### Record set
******
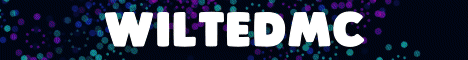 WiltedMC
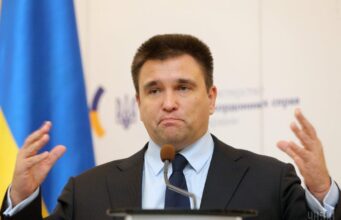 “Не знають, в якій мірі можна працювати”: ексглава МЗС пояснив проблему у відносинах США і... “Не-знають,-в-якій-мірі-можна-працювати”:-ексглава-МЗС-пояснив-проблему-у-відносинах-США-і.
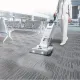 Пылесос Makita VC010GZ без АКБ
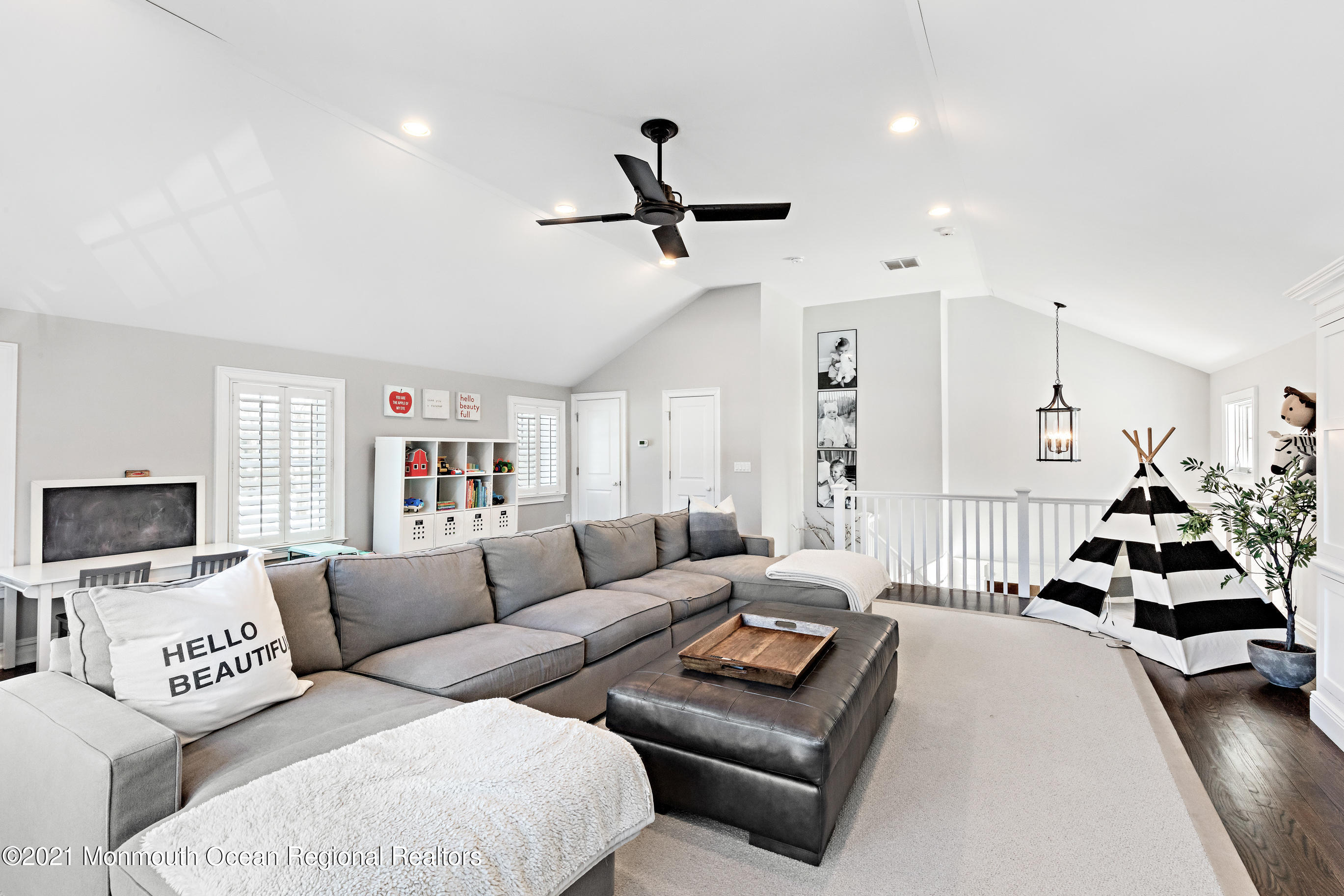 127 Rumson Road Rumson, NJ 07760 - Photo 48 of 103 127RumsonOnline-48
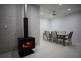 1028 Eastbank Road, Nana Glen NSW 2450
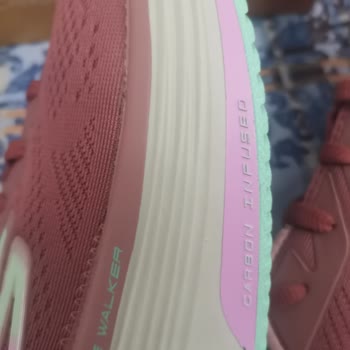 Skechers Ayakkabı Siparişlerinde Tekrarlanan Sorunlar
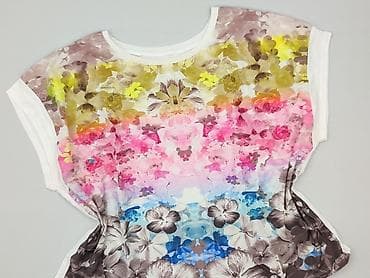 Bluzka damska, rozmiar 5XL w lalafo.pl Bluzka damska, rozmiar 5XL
******
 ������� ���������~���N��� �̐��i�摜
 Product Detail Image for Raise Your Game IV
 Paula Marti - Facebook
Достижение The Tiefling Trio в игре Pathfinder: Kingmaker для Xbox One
******
### Work to complete
Working from the records above, set down word for word everything from the line containing "127 Rumson Road" down to the line containing "Bluzka damska, rozmiar 5XL w", ends included, minus the pictures.

### Task answer
 127 Rumson Road Rumson, NJ 07760 - Photo 48 of 103 127RumsonOnline-48
 1028 Eastbank Road, Nana Glen NSW 2450
 Skechers Ayakkabı Siparişlerinde Tekrarlanan Sorunlar
 Bluzka damska, rozmiar 5XL w lalafo.pl Bluzka damska, rozmiar 5XL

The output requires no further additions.